Propaganda & Mass Persuasion: Immigrants in WWI

Thursday, February 26, 2009

Immigrants in WWI

In chapter 6 of Stuart Ewen's book, PR! A Social History of Spin, he discusses the fear the American government, along with the general public, had with newly welcomed immigrants and who their allegiance stood with.

"Reflecting familiar patterns of xenophobia, there were also concerns about the loyalty of Ameirca's huge immigrant population." Beyond specific questions of German immigrants or of Irish Americans- who, on the whole, despised America's ally, the British- the dreadful reality of many immigrants' lives in America could not help but throw the allegiances of the foreign-born into question." (Ewen pg 105)

During WWI many Americans feared spies and "German sympathizers". Newly welcomed immigrants of America were considered by many to be non-trustworthy. Americans were skeptical about who their allegiances were with.

When immigrants came to America they were often placed in slums and found it hard to succeed in the "Land of Opportunity". The head of the CPI, George Creel, explained this best when he said, "We let sharks prey on them, we let poverty swamp them, we did not teach them English." Being new to a country that places you in the slums of their ghettos can make a immigrant feel a sense of loyalty to their mother country.

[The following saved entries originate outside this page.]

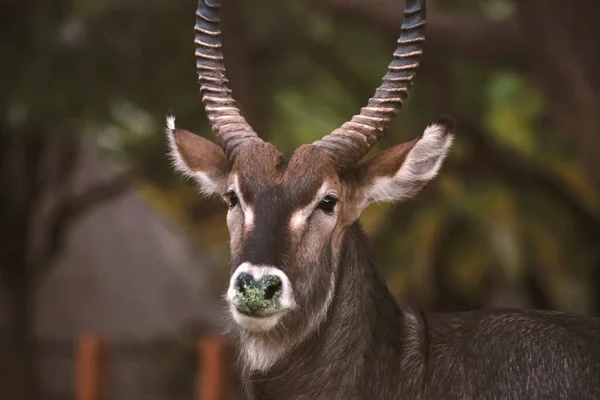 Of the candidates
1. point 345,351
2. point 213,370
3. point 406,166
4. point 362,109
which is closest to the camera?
point 345,351

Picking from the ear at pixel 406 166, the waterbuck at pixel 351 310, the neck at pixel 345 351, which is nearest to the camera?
the waterbuck at pixel 351 310

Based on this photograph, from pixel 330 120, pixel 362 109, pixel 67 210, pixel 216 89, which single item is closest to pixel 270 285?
pixel 362 109

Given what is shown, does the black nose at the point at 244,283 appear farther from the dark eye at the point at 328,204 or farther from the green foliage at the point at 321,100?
the green foliage at the point at 321,100

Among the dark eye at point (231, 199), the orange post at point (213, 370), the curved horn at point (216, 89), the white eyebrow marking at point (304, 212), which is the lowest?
the orange post at point (213, 370)

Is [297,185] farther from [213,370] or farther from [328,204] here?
[213,370]

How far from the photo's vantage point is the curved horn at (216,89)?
687 cm

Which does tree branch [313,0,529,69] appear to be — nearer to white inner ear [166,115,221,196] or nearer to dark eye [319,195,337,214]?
white inner ear [166,115,221,196]

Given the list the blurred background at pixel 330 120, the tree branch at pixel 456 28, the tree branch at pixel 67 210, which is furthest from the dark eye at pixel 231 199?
the tree branch at pixel 67 210

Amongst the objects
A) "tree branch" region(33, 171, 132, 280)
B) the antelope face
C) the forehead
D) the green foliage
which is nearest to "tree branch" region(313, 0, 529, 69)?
the green foliage

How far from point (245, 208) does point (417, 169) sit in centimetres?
98

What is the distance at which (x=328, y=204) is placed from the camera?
650 centimetres

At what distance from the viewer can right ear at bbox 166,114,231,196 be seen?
23.1 ft

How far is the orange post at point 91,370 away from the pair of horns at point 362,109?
752 centimetres

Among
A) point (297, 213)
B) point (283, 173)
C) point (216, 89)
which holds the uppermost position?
point (216, 89) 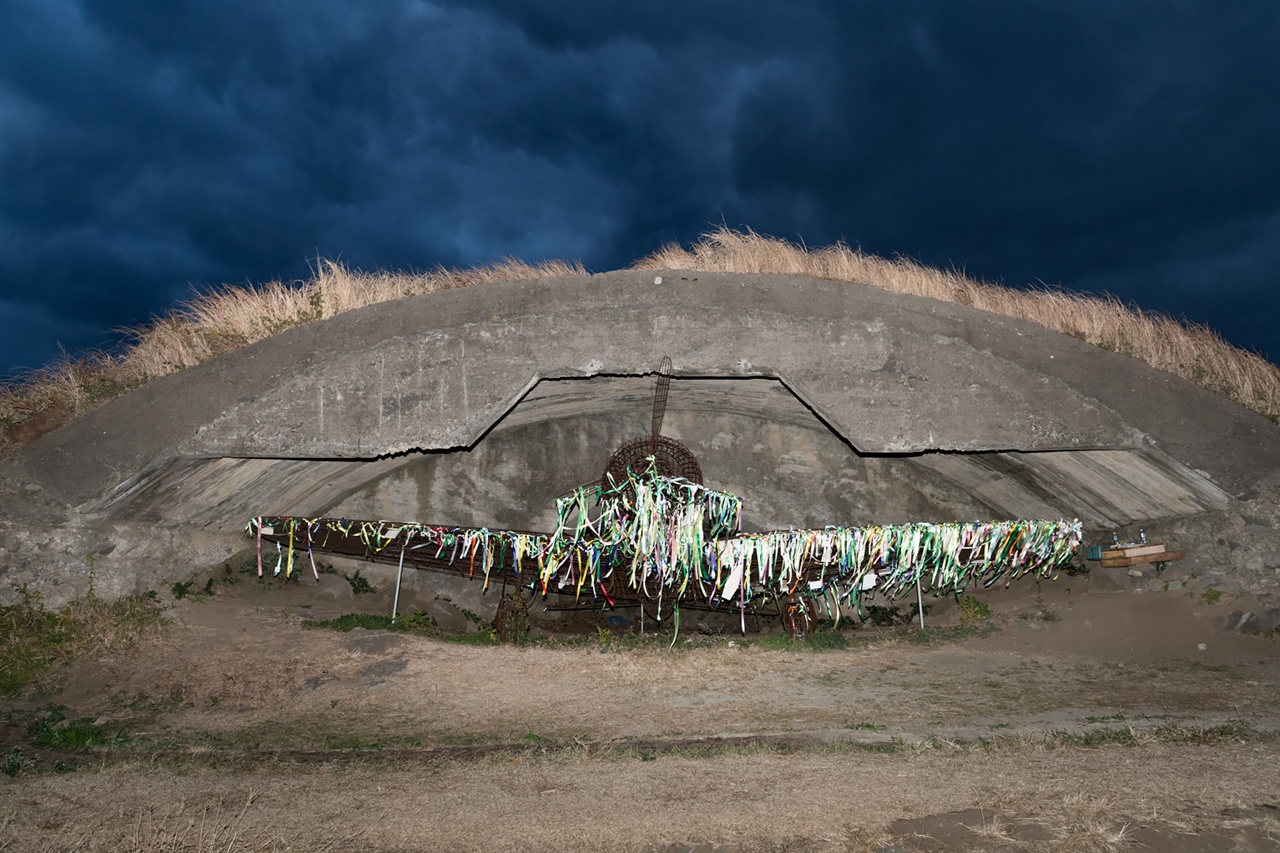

I think around this time Americans really began to fear the immigrants and a great sense of natioanlism arose. The African-Americans during this time now had new friends to join them in being the "black sheep" of America. Americans have a great history of fearing the unknown, or ones they choose not to want to know.

1 Comments:

Blogger A. Mattson said...

Good discussion.

Creel and the CPI's campaign of Americanization served the war effort. It also addressed the issue of loyalty and anti-immigrant sentiment. Americanization offered immigrants a deal citizenship in exchange for service to the war effort. Wartime propaganda was full of American ideals about equality and citizenship. Was it false advertising?